### Records for this exercise
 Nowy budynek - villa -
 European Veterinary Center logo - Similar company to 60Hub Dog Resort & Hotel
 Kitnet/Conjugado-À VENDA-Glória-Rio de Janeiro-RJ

...

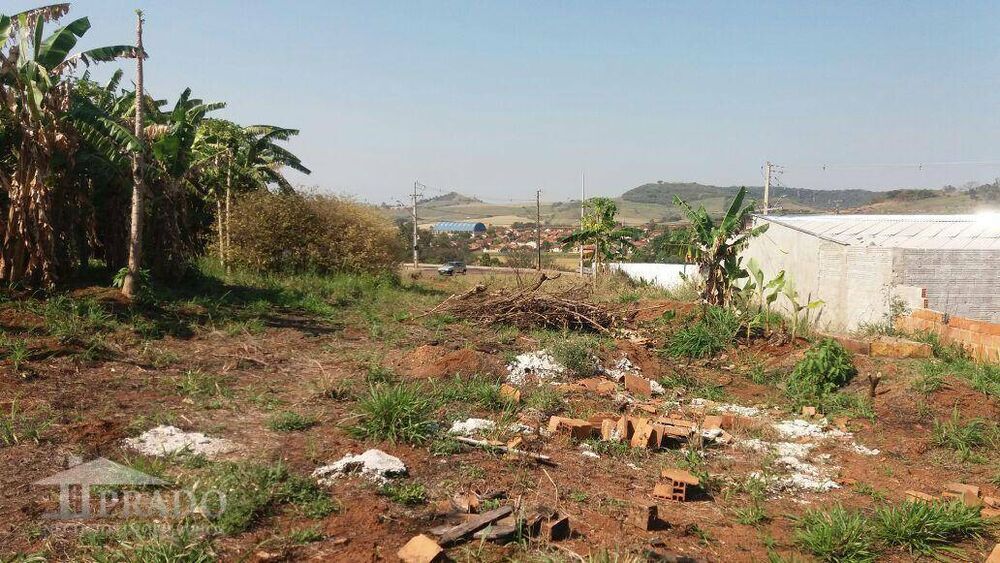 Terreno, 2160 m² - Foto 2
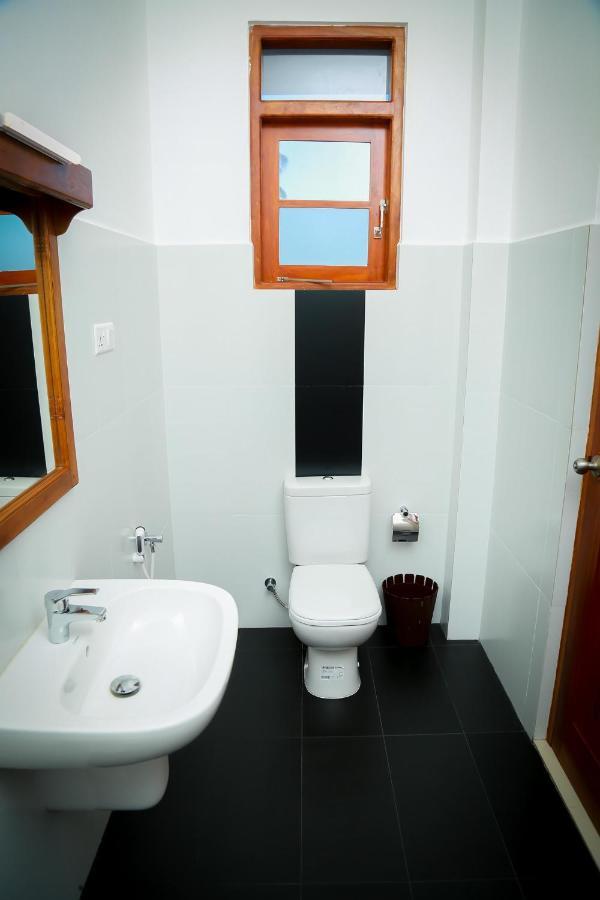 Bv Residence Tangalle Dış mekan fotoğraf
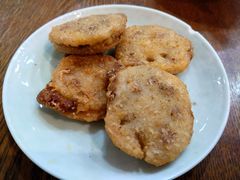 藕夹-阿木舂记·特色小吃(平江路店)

### Activity
Your reply should consist solely of the lines above from the line containing "Bv Residence Tangalle Dış mekan fotoğraf" up to and including the line containing "藕夹-阿木舂记·特色小吃(平江路店)", reproduced exactly, minus the pictures.

### Exercise solution
 Bv Residence Tangalle Dış mekan fotoğraf
 藕夹-阿木舂记·特色小吃(平江路店)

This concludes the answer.